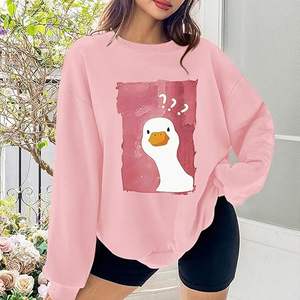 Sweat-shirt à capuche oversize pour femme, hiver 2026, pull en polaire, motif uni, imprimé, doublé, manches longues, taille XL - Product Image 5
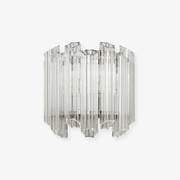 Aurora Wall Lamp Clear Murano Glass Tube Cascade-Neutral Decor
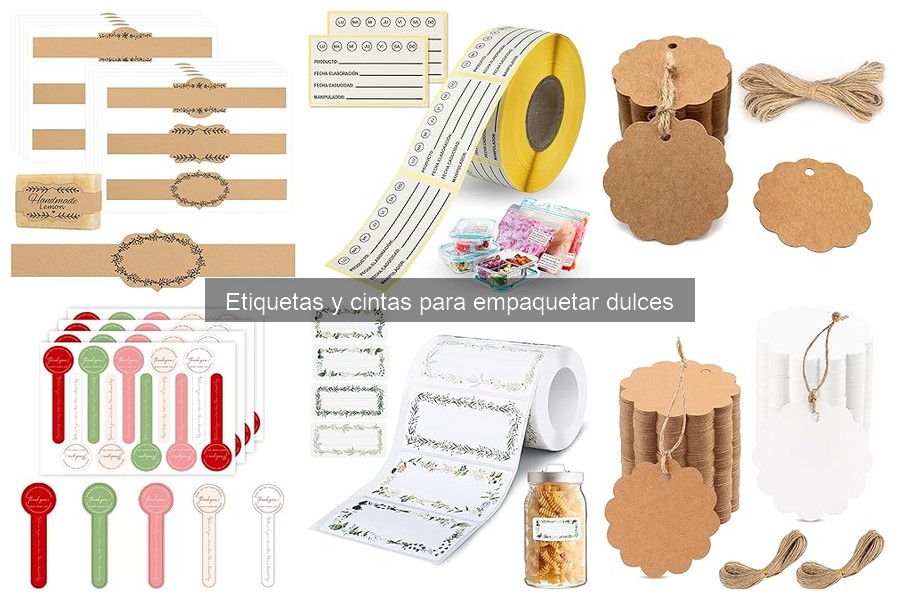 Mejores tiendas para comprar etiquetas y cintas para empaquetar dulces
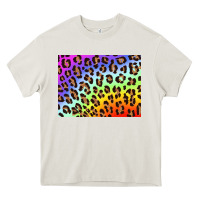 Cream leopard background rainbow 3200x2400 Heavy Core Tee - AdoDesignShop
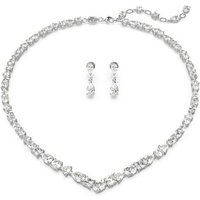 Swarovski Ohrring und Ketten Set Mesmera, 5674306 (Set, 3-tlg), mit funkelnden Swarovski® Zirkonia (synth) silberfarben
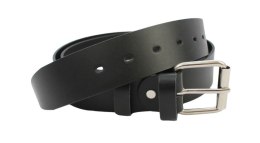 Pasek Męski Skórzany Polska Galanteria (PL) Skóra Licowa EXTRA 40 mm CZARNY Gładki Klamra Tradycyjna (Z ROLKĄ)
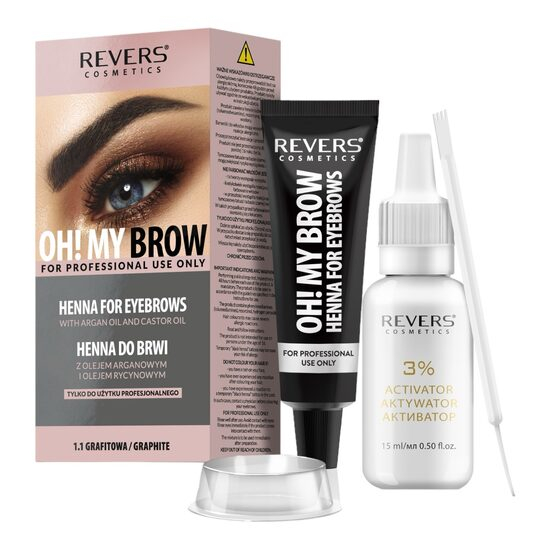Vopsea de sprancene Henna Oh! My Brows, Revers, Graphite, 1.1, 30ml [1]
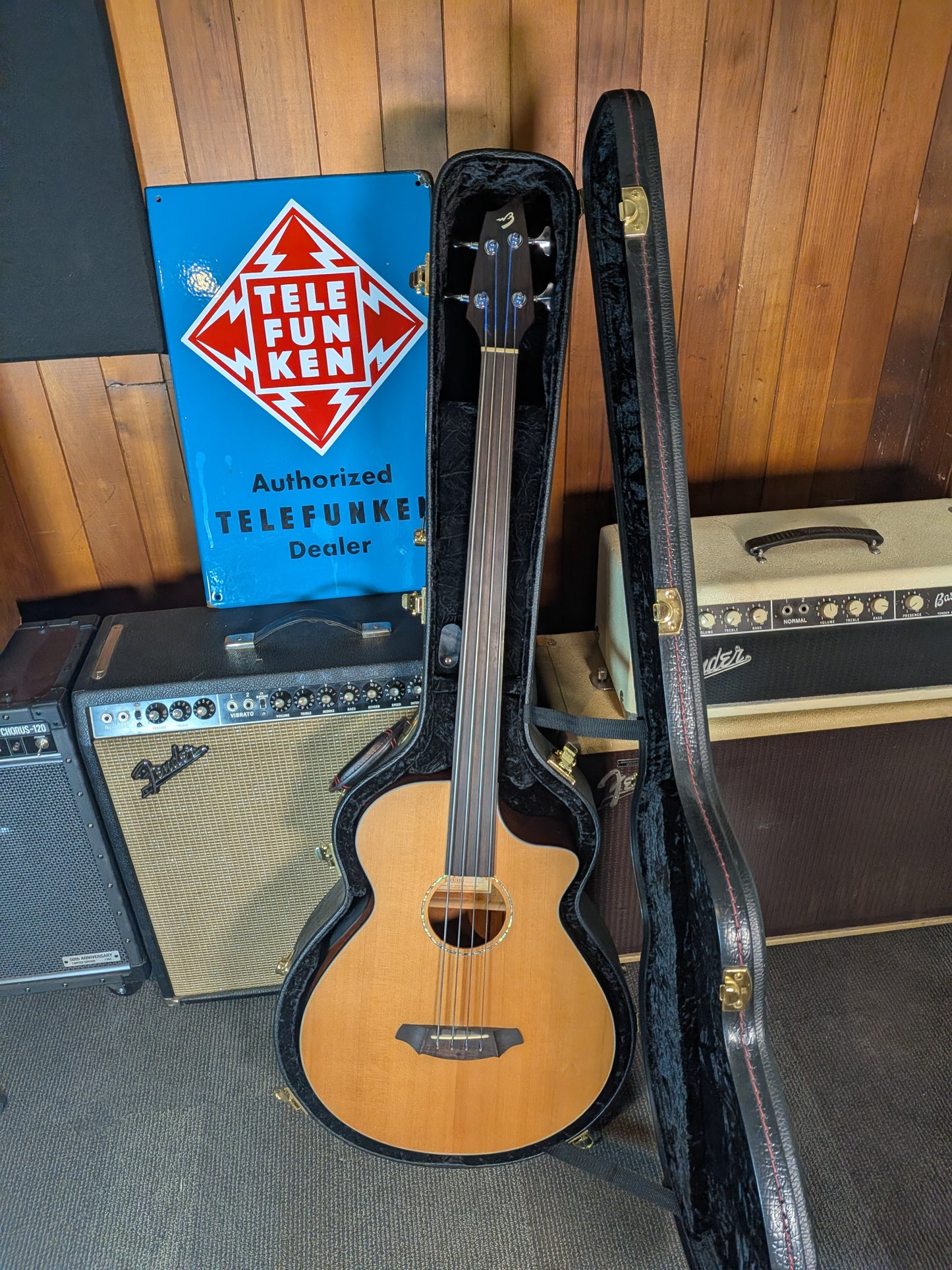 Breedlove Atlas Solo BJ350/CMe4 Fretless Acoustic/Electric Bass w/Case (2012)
......
Each entry is to be given again exactly as it stands, with its pictures removed.

ANSWER FOR THE TASK:
 Sweat-shirt à capuche oversize pour femme, hiver 2026, pull en polaire, motif uni, imprimé, doublé, manches longues, taille XL - Product Image 5
 Aurora Wall Lamp Clear Murano Glass Tube Cascade-Neutral Decor
 Mejores tiendas para comprar etiquetas y cintas para empaquetar dulces
 Cream leopard background rainbow 3200x2400 Heavy Core Tee - AdoDesignShop
 Swarovski Ohrring und Ketten Set Mesmera, 5674306 (Set, 3-tlg), mit funkelnden Swarovski® Zirkonia (synth) silberfarben
 Pasek Męski Skórzany Polska Galanteria (PL) Skóra Licowa EXTRA 40 mm CZARNY Gładki Klamra Tradycyjna (Z ROLKĄ)
Vopsea de sprancene Henna Oh! My Brows, Revers, Graphite, 1.1, 30ml [1]
 Breedlove Atlas Solo BJ350/CMe4 Fretless Acoustic/Electric Bass w/Case (2012)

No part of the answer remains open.